I'd like the data beneath this line reproduced exactly, without any of its images.

**RAW DATA**

------------------------

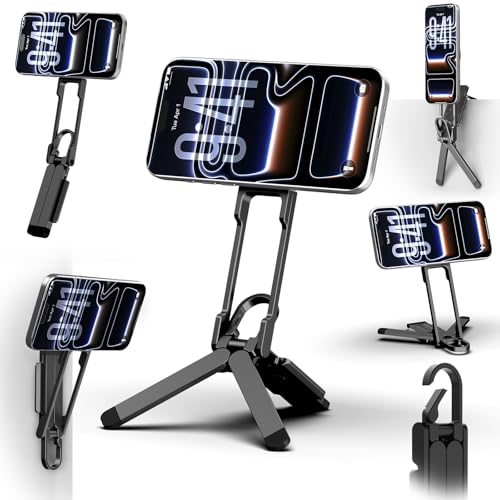 COMAN DP58 Magnetic Phone Tripod, Aluminum MagSafe Tripod Stand with Carabiner, Mini Portable Travel Pocket Tripods for iPhone & Non-Magnetic Phones with Included Ring - color: Black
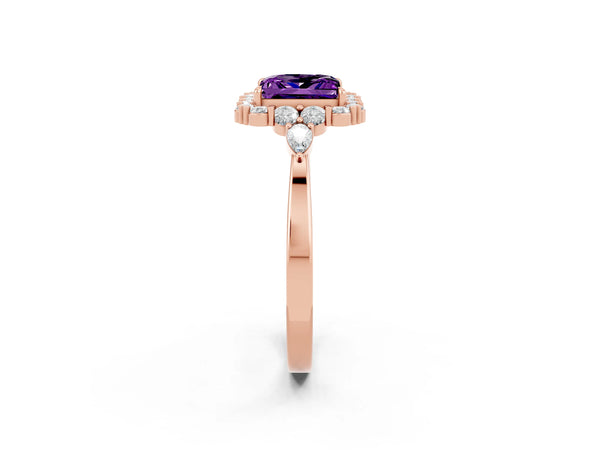 Rose gold Princess Cut Amethyst Halo Ring with Pear Side Stones and Prong Setting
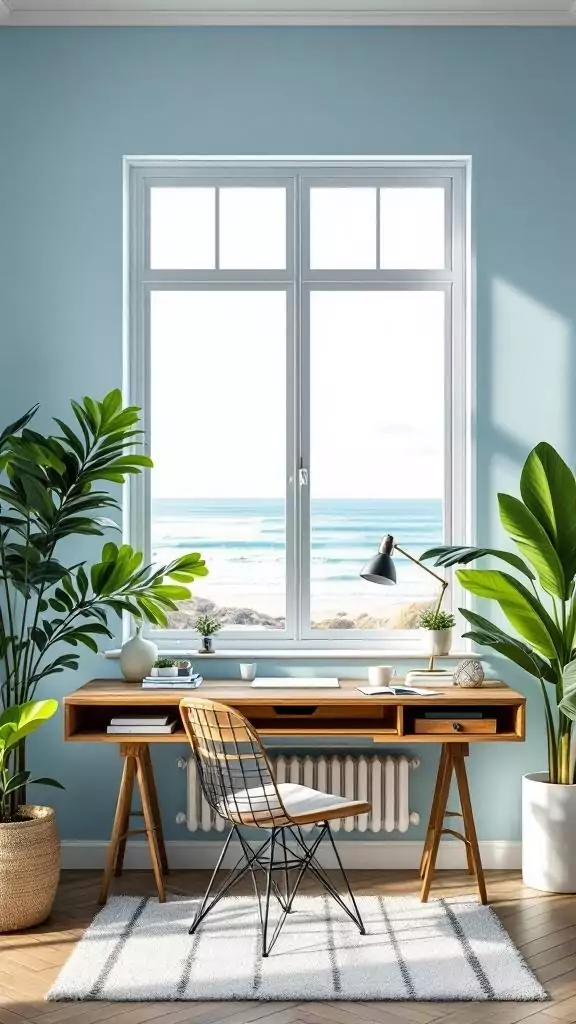 A serene coastal office with blue walls, a wooden desk, and plants, overlooking the ocean.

------------------------

**YOUR RESPONSE**
 COMAN DP58 Magnetic Phone Tripod, Aluminum MagSafe Tripod Stand with Carabiner, Mini Portable Travel Pocket Tripods for iPhone & Non-Magnetic Phones with Included Ring - color: Black
 Rose gold Princess Cut Amethyst Halo Ring with Pear Side Stones and Prong Setting
 A serene coastal office with blue walls, a wooden desk, and plants, overlooking the ocean.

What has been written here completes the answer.